Я подтверждаю, да, такое было (хотя сторож не был убит, а только ранен, но ему об этом, естественно, не говорю)). Тогда он продолжает:
- Так вот, это сделал Квашнин. Он сколотил группу ребят - назвал их по фамилиям - сказал им,что присмотрел магазин на окраине села, сторожа там нет, и этот магазин они запросто ломанут и – с концами. Ночью, на мотоцикле  с коляской они подъехали к этому магазину, взломали  дверь , а  поблизости оказался сторож - старичок, наверное,  старый вояка. Он сразу пальнул со своей старой берданки и поднял вой, стал орать. Ну, ребята растерялись, они ж не знали, что у Квашнина ствол есть. А он выхватил его,  и бац – в сторожа.  Убил его!. Ребята такого не ожидали. Они хотели скорей на мотоцикл и бежать. А Квашнин - ни в какую!
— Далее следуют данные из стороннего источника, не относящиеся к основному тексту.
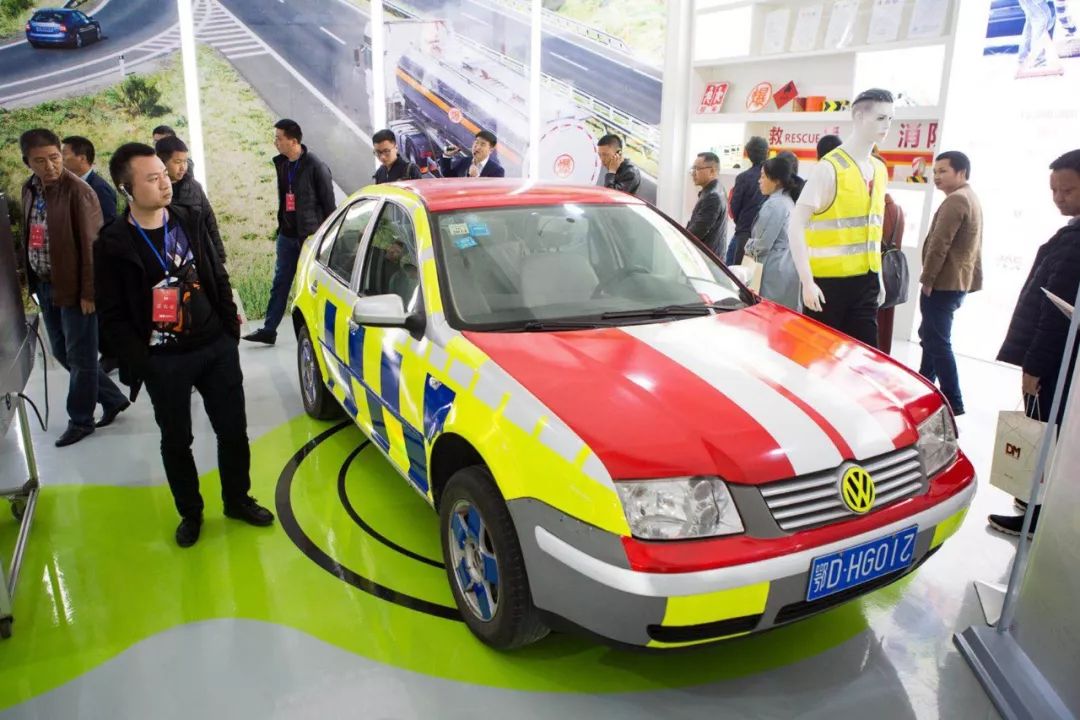 249925b4337e9373b327fb617d6cbadb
Не пустил их. . Похватали они водку, консервы, вещи какие-то. (В магазинах сельпо -сельской потребительской кооперации - обычно было всё: и продукты,  и промтовары, и мелкий сельхозинвентарь и т.п.).С кражи они прямиком к Квашнину домой, поделили, что взяли, выпили, закусили. Тут им Квашнин и показал тот пистолет, которым он сторожа завалил: немецкий, „Вальтер” 9 мм. И ещё Квашнин сказал ребятам – продолжил мой агент -  может, по пьянке, а может и всерьёз, что на нём теперь труп, и сдаваться живьём он  ни за что не будет, всё равно ему расстрел. Сказал, чтоб  не дёргались, все повязаны, как подельники, надо теперь держаться  друг друга. „Погуляем по области и поедем с деньгами, найдём, где разгуляться, как следует!”.
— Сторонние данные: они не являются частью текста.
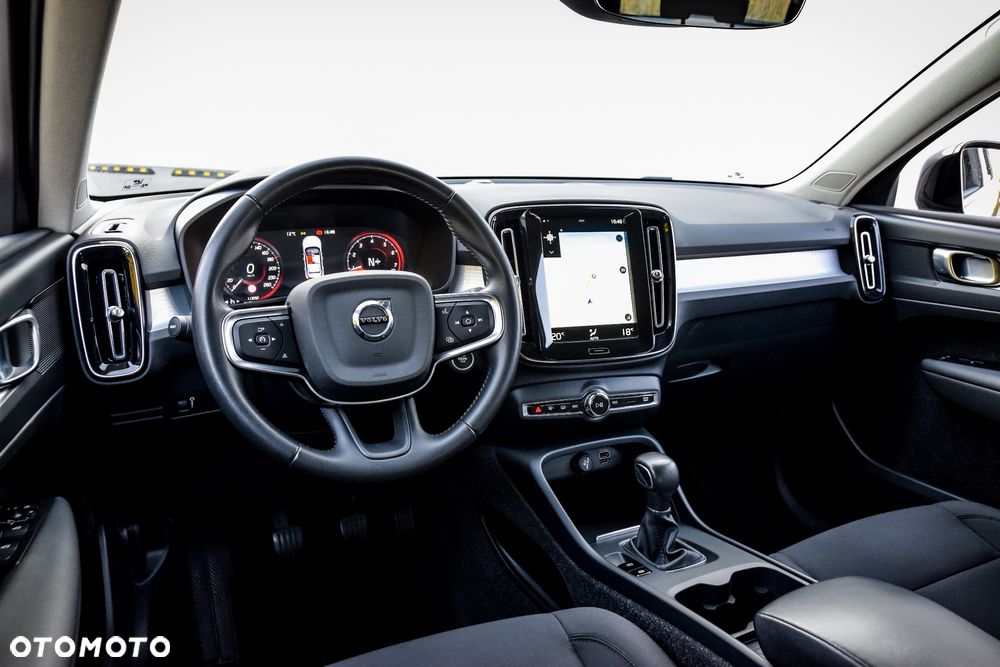Volvo XC 40 T2 Momentum - 17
 - В общем, Владимир Львович,  ребята напуганы здорово. Каша заварилась серьёзная, не знают, как её расхлебать. Тем более, Квашнин им всем пригрозил, если кто пикнет, тому не сдобровать!

    Чтобы быть уверенным в достоверности этой информации, я, на всякий случай, спросил о вещах, украденных из магазина. Он  перечислил кое-какие вещи. Я проверил ориентировку по этому происшествию - всё сходилось. Связался с отделом криминалистики: и про „Вальтер” всё точно, стреляли в сторожа из него.
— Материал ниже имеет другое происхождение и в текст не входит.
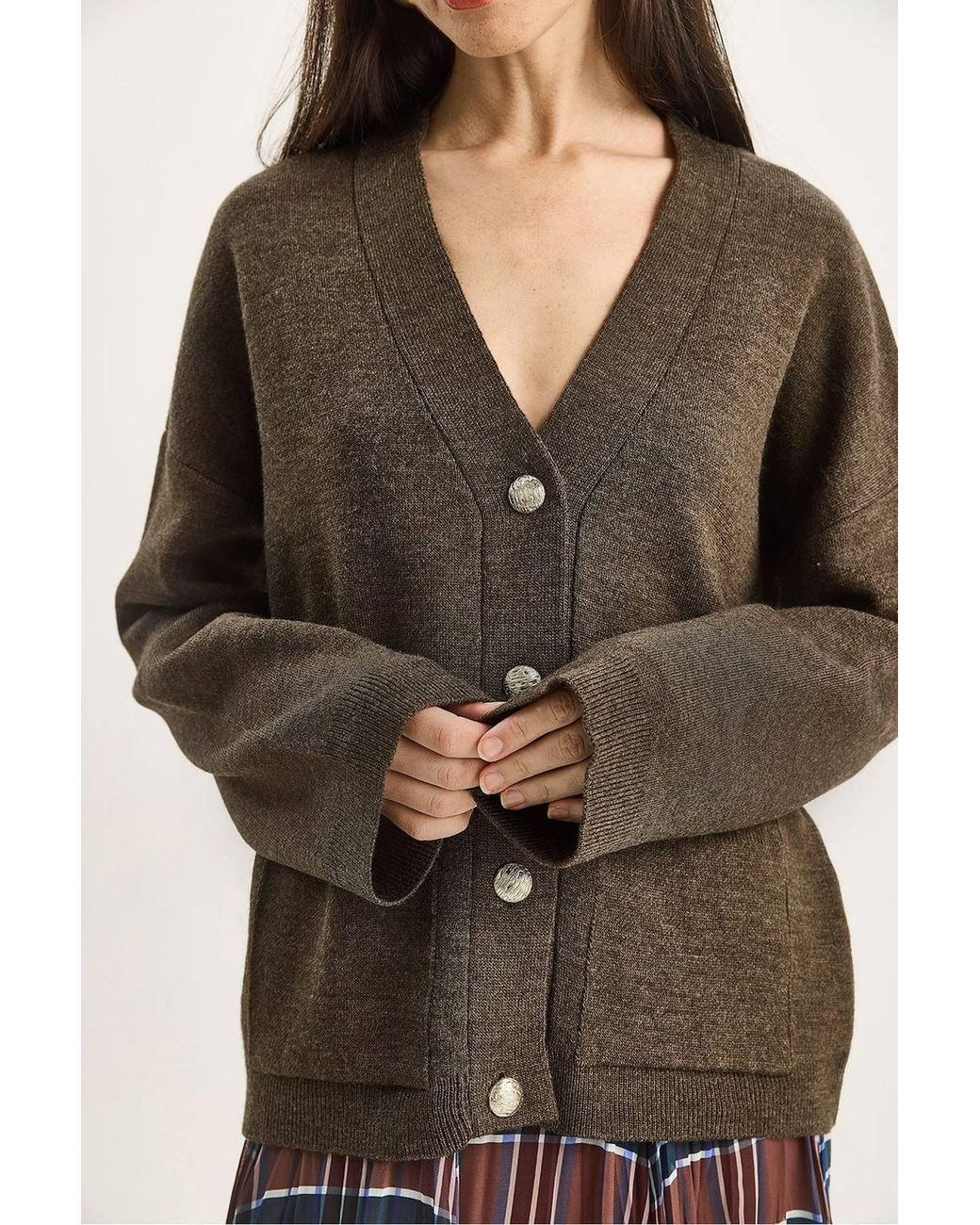 Bianco Lucci Brown Thick Ribbed V-Neck Cardigan With Button Closure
    Своё донесение он изложил письменно. Я велел ему подождать, а сам бегом к руководству. Какой материал! Получить такую конкретику, да по такому серьёзному делу – это редкое счастье, выпадающее оперативнику! Надо было немедленно обо всём доложить руководству. Хотя, честно говоря, мог бы и не лететь так срочно "наверх", а  подождать  и подумать. Но уж больно обрадовался такой удаче,  и хотелось порадовать своё непосредственное начальство  – областного уголовного розыска. Зашел к Степану Васильевичу Морозову - заместителю начальника нашего отдела. Это был замечательный, мудрый человек, и оперативник грамотный (хоть и без всякого специального образования) и очень осторожный.      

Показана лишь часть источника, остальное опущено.